--- Data provided ---
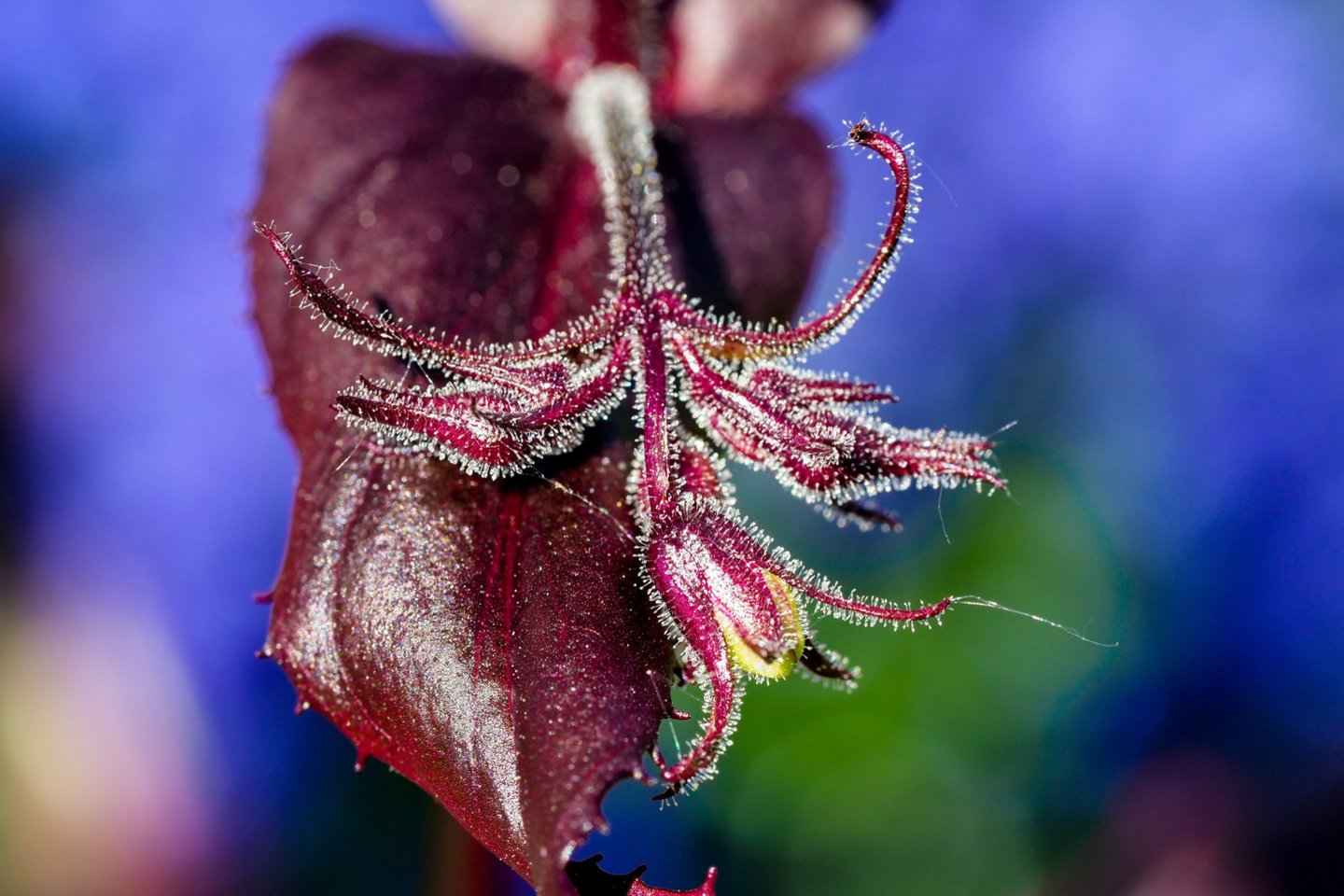 Aušra Alsekaitės – Perminienės (39 m.) užauginots gėlės – viską moteris atlieka viena.<br>V.Ščiavinsko nuotr.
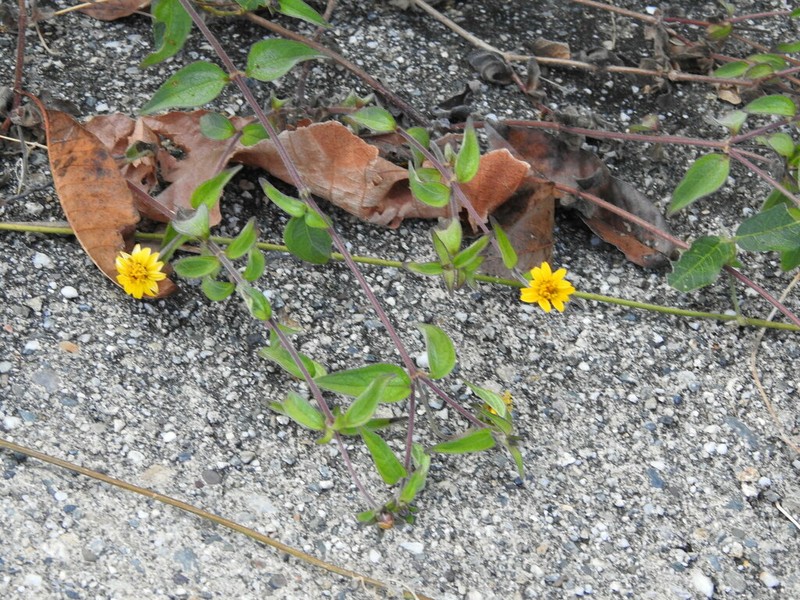 Wedelia acapulcensis photo 5
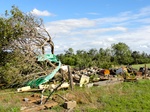 39838DSC01148.JPG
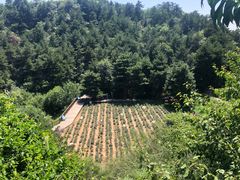 -云峰山自然风景区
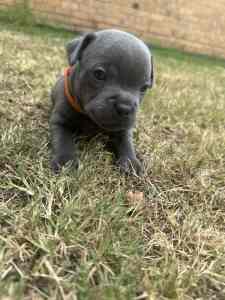 English staffy puppies Staffies puppy blue pure breed sta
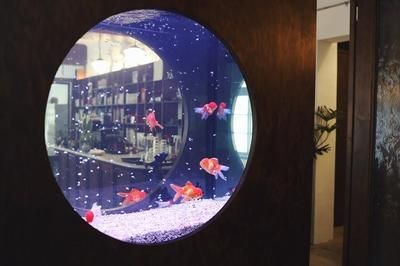 帶我去魚(yú)缸咖啡館是什么歌曲：帶我去魚(yú)缸咖啡館的歌曲信息對(duì)不起，并沒(méi)有直接關(guān)于“帶我去魚(yú)缸咖啡館”的信息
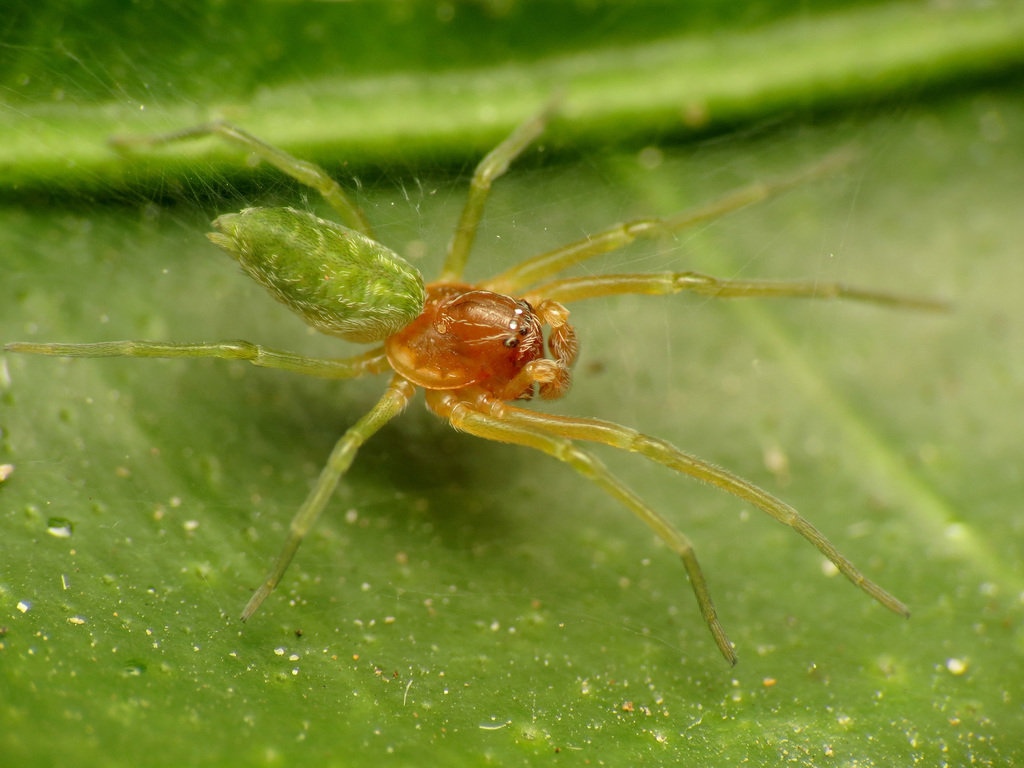 Green Meshweaver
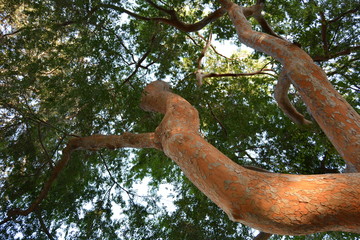 Lush tree top seen from below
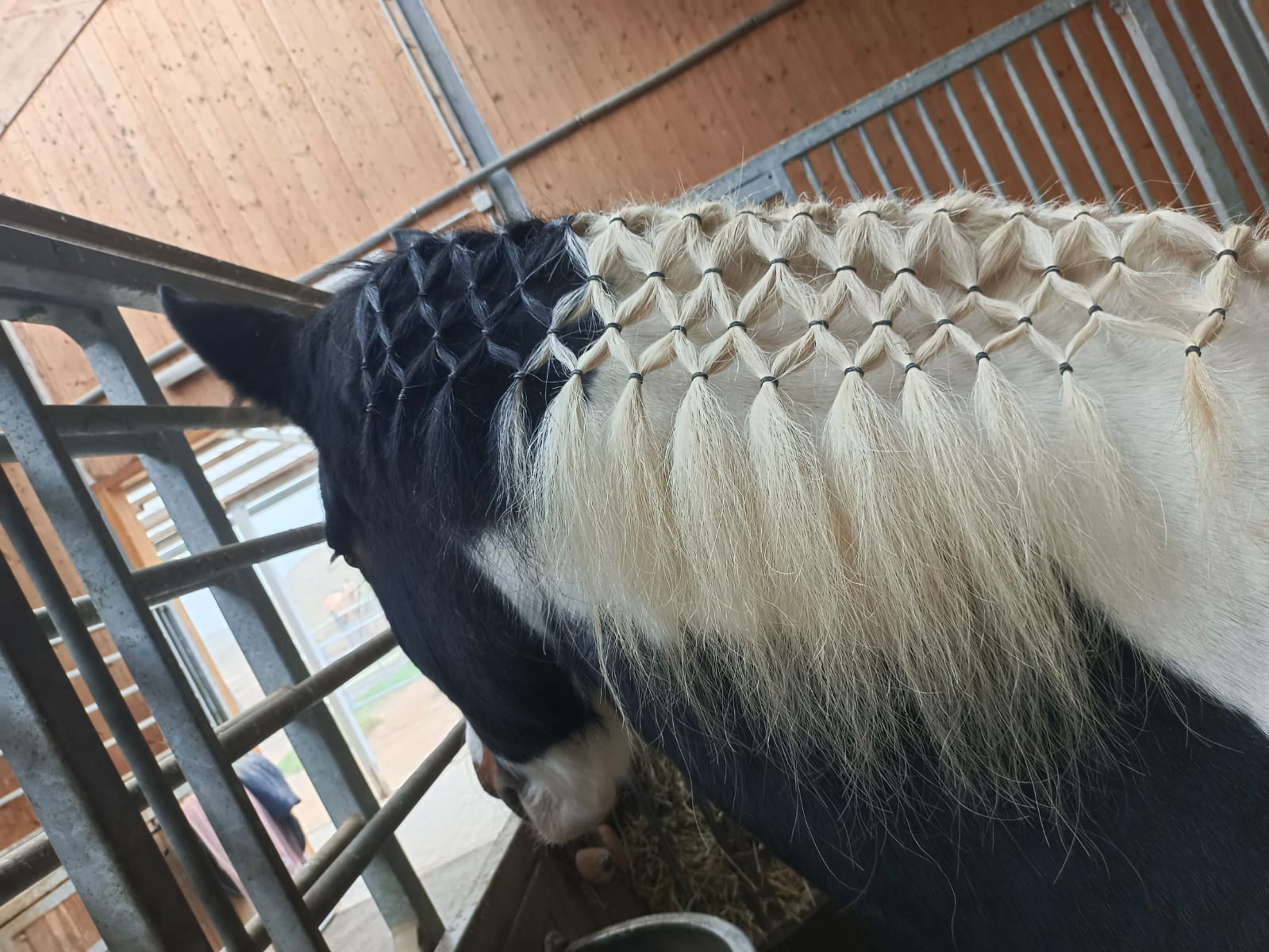 Emely aus Hanfthal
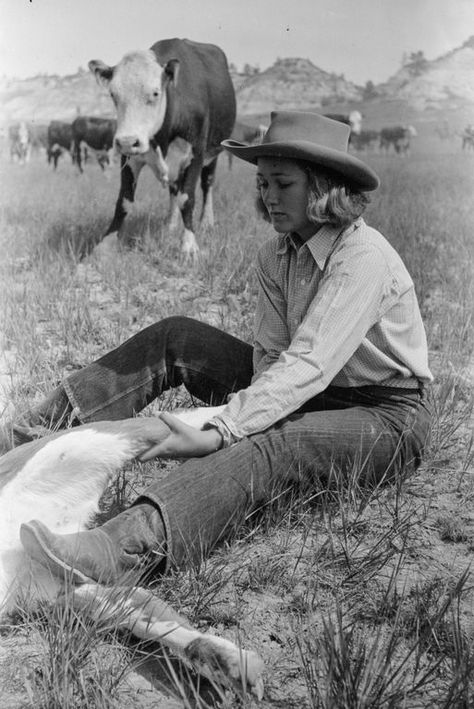 Cheyenne Tv Show, Clint Walker Actor, Cheyenne Bodie, Saddle Tramp, Clint Walker, Cattle Drive, Into The West, Cowboy Girl, Tv Westerns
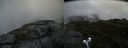 ./images/calvert/buxton2/20190628/buxton220190628_120452M.jpg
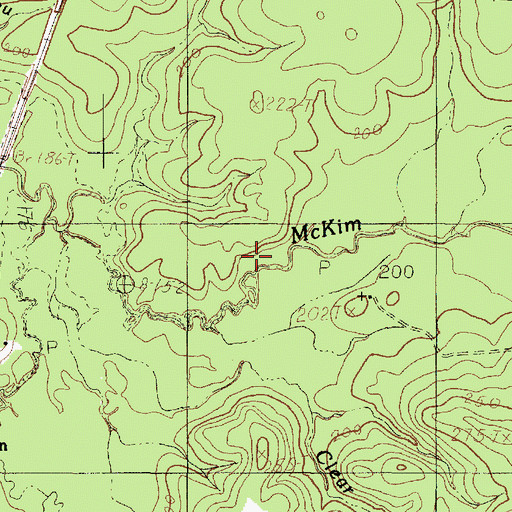 Topographic Map of Clear Branch, TX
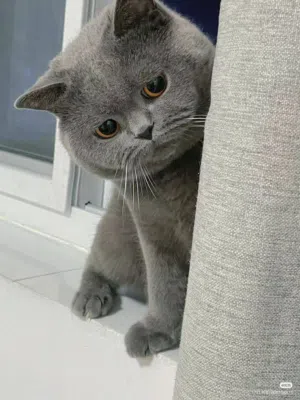قطه بريطاني سكوتش كيوت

--- Exercise details ---
Starting with the line that holds "Cheyenne Tv Show, Clint", repeat exactly every line through the end of the material above, both ends included, without the pictures.

--- Expected answer ---
 Cheyenne Tv Show, Clint Walker Actor, Cheyenne Bodie, Saddle Tramp, Clint Walker, Cattle Drive, Into The West, Cowboy Girl, Tv Westerns
 ./images/calvert/buxton2/20190628/buxton220190628_120452M.jpg
 Topographic Map of Clear Branch, TX
قطه بريطاني سكوتش كيوت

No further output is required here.